In the grand ancient dining hall of St John’s College, Oxford last week, I had the pleasure of talking with a host of teachers – heads of sixth forms, newly qualified trainees, senior leaders, and history, English and psychology specialists. It’s always good to hear candid views from education’s front line: looming funding cuts, recruitment challenges, changing tests and curricula among them.

But our dinner discussion focused on a topic that too often falls down the school priority list: how to ensure high achieving pupils from all backgrounds aspire to the country’s most prestigious universities.  The teachers were attending the Sutton Trust Oxford Teacher Summer School, a two-day residential conference to equip them with the best advice and guidance on selective university admissions.

The programme is just one example of the outreach work that the Trust and others support each year. Our flagship student summer school programme now supports some 2000 teenagers, the vast majority of whom end up going onto highly selective degree courses. What also distinguishes the programme is that it has undergone a thorough evaluation.

Sadly, that’s the exception not the rule. Hundreds of millions are spent annually by universities on outreach programmes aiming to dispel the ‘not for the likes of me’ attitudes that sadly still persist among many talented students from homes with no history of higher education. Yet most of these efforts have been effectively operating in the dark: we simply do not know which approaches have worked best, or for that matter those that have worked at all. Indeed some programmes may well have harmed the prospects of the students that they are intended to help. Earlier this year, the Trust published a summary of the slim evidence we currently have on university outreach programmes from the UK and the US.

At the same time, opening up our most exclusive universities to talented young people from all backgrounds remains an uphill struggle. At the Trust’s joint summit on academies this week we were reminded of the challenge again. New evidence revealed that the original sponsored academies established 15 years ago to turn around failing schools have enabled many more pupils to advance into higher education. But there was no improved enrolment into the most selective universities.

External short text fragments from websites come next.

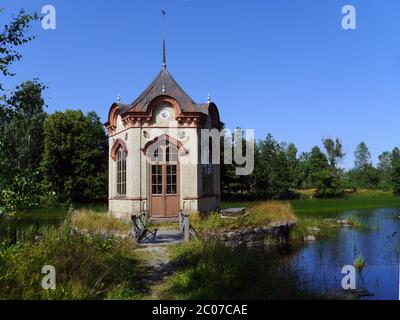 Historisches Gebäude in schweden Stockfoto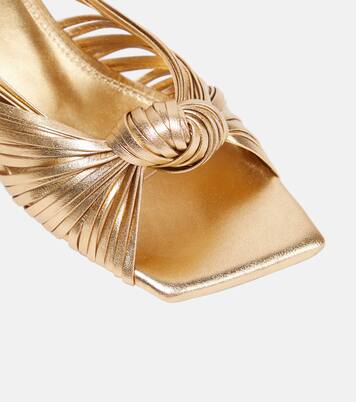 Pantoletten Alcala aus Metallic-Leder | Souliers Martinez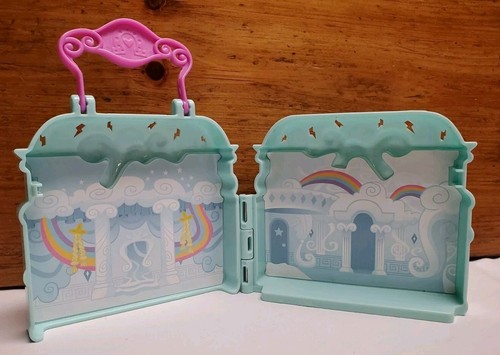 2015 Hasbro My Little Pony Fold Out Rainbow Dash Castle Carry Case - Picture 16 of 19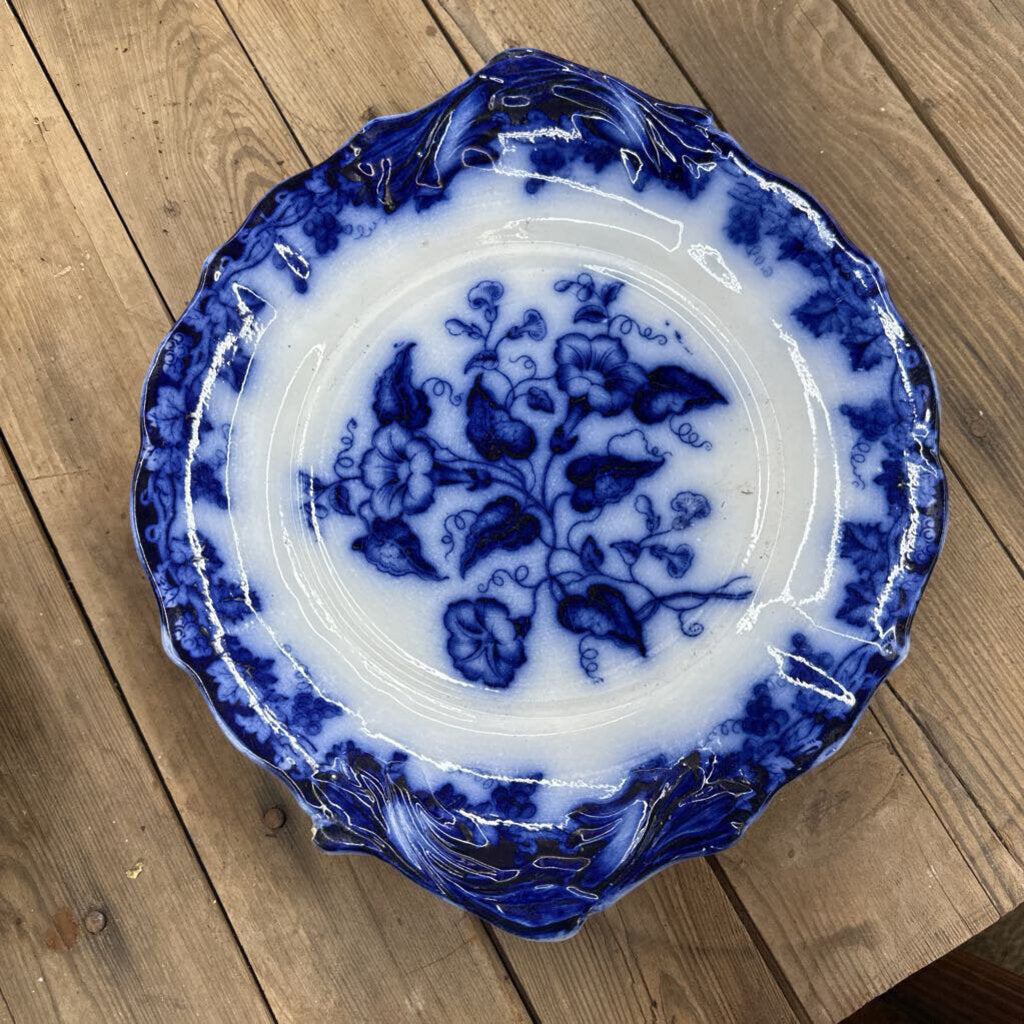 ENGLISH FLOW BLUE PLATTER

It’s why I’m so excited that we now at last are making the first steps to develop a more evidence led approach in widening participation. Last week the Sutton Trust with the Office for Fair Access announced that we are seeking researchers to deliver a special mission: to develop with universities the methods and measures that will enable us to evaluate outreach programmes properly in the future.

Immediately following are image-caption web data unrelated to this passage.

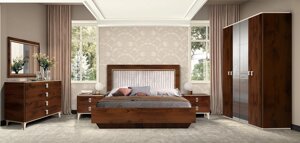 Спальный гарнитур Джорджия 4Д (1,8 с подъемным механизмом) Слоним Мебель коричневый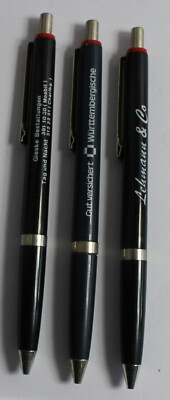 Lot of 3 rOtring - Ballpoint Pens, Promotional Ballpoint Pens, Vintage, Kuli, Kulli (S73)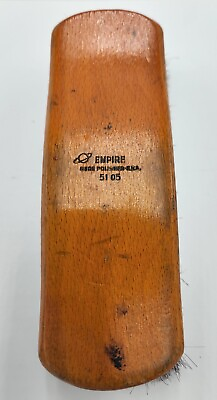 #ad Vintage Wooden Empire Shoe Brush Polishing Brush 2 1 4quot; x 7quot; Model 5105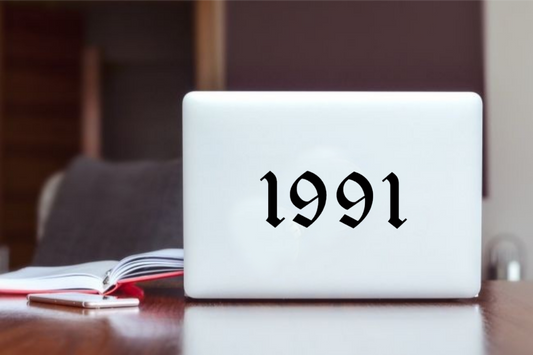 age Laptop Sticker 1991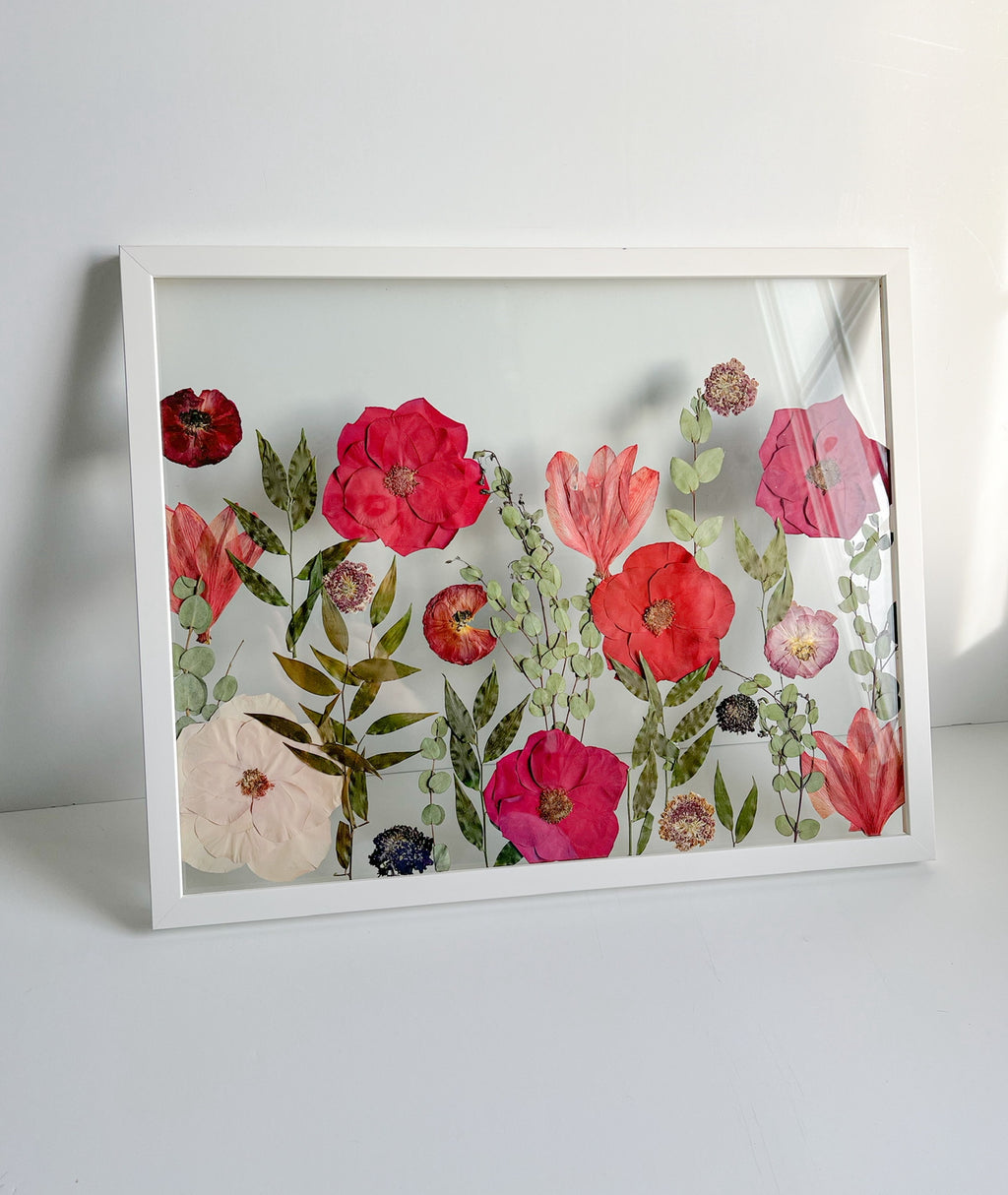 16x20 Custom Pressed Flower Frame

Our work developing our incredibly popular toolkit for schools and the creation of the Education Endowment Foundation has highlighted the many lessons and pitfalls that come with promoting evidence led practice. It is important that this is a genuine partnership between practitioners and academics. It is also critical to commission robust, independent and upfront evaluations.

But the potential benefits are huge. This work we hope will provide the evidence of effectiveness that the widening participation community so desperately needs to ensure that its important work does not fall foul of budget cuts as it has in the past. But most importantly of all it will enable us to improve the outcomes of the talented children we all want to help – a goal universally agreed upon by all the teachers around the dining hall last week.